→ REQUIRED ACTION
Locate, in the data below, the line that contains "Activities and Extensions." and the line that contains "Bluzka sweterkowa plus"; reproduce exactly those two lines and every line between them, nothing more.

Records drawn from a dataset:
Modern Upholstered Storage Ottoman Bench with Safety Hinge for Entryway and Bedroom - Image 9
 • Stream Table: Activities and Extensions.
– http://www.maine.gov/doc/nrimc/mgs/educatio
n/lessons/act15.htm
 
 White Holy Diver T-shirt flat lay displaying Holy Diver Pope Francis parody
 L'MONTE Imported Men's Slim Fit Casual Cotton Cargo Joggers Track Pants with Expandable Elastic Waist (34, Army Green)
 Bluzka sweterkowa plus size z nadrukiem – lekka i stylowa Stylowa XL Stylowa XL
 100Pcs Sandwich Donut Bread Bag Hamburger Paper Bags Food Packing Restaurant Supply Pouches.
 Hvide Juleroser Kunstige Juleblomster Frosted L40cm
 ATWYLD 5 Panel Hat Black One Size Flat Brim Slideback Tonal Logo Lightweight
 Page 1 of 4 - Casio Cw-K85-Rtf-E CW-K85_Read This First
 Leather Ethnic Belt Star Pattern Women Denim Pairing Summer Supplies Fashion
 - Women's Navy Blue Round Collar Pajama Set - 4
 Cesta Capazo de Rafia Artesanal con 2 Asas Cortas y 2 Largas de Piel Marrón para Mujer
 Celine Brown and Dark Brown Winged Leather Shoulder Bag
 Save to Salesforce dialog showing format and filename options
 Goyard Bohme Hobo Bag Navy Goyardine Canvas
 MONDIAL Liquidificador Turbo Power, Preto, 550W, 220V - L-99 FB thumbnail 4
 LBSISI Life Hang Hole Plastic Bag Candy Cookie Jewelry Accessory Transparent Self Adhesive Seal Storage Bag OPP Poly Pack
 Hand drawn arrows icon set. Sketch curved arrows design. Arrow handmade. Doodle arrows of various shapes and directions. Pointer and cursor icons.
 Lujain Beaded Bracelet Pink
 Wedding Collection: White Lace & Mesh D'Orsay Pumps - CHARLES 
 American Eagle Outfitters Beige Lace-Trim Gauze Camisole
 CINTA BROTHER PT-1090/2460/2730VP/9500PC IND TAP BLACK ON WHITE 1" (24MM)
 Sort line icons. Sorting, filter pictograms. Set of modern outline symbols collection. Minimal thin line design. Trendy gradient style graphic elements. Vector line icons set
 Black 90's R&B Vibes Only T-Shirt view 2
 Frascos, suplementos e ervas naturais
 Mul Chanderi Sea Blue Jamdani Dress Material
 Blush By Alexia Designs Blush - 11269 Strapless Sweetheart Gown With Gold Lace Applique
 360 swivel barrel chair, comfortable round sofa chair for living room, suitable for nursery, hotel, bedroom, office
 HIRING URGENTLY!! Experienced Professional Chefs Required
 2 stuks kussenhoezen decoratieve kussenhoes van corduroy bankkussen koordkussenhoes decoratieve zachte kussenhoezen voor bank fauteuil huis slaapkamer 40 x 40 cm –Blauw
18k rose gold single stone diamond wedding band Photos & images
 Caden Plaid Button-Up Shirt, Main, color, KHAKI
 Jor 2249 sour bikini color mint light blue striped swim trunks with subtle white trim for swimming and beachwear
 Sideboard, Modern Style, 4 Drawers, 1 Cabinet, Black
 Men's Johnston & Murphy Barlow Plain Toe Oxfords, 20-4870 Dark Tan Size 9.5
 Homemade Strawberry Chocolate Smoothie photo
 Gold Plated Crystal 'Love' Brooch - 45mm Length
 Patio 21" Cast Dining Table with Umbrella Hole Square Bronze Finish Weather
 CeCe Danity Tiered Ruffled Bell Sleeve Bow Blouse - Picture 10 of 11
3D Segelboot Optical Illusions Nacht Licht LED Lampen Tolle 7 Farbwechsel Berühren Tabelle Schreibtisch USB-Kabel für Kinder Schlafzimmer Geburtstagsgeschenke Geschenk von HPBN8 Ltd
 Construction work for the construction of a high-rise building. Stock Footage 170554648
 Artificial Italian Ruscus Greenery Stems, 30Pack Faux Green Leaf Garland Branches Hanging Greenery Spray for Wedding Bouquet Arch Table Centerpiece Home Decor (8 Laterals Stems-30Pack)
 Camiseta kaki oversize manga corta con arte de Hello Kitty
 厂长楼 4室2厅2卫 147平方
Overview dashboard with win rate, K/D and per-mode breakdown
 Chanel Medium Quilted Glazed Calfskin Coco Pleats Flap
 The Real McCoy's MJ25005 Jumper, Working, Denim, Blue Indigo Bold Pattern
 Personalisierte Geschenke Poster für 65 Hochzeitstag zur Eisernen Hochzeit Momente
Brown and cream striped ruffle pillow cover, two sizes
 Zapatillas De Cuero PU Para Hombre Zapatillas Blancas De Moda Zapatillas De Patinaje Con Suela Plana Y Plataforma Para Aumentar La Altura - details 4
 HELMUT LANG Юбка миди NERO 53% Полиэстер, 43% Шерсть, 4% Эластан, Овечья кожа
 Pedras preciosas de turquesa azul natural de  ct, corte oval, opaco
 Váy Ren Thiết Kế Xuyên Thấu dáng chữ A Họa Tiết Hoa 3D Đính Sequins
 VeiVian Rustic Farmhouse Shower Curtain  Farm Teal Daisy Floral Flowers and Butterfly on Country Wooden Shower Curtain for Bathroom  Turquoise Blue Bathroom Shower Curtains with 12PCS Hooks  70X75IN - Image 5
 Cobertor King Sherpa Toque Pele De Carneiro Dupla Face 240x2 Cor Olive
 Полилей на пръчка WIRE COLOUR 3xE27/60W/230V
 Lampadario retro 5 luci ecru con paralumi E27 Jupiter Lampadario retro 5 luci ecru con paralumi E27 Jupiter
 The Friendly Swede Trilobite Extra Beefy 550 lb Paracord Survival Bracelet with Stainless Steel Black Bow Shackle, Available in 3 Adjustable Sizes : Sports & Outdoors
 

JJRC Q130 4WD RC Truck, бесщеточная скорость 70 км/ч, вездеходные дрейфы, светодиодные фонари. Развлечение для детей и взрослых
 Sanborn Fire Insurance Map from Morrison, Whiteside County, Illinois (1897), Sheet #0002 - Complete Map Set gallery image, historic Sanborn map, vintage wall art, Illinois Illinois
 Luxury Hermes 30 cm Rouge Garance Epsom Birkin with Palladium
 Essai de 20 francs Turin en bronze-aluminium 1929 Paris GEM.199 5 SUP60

→ SOLUTION TO THIS TASK
 • Stream Table: Activities and Extensions.
– http://www.maine.gov/doc/nrimc/mgs/educatio
n/lessons/act15.htm
 
 White Holy Diver T-shirt flat lay displaying Holy Diver Pope Francis parody
 L'MONTE Imported Men's Slim Fit Casual Cotton Cargo Joggers Track Pants with Expandable Elastic Waist (34, Army Green)
 Bluzka sweterkowa plus size z nadrukiem – lekka i stylowa Stylowa XL Stylowa XL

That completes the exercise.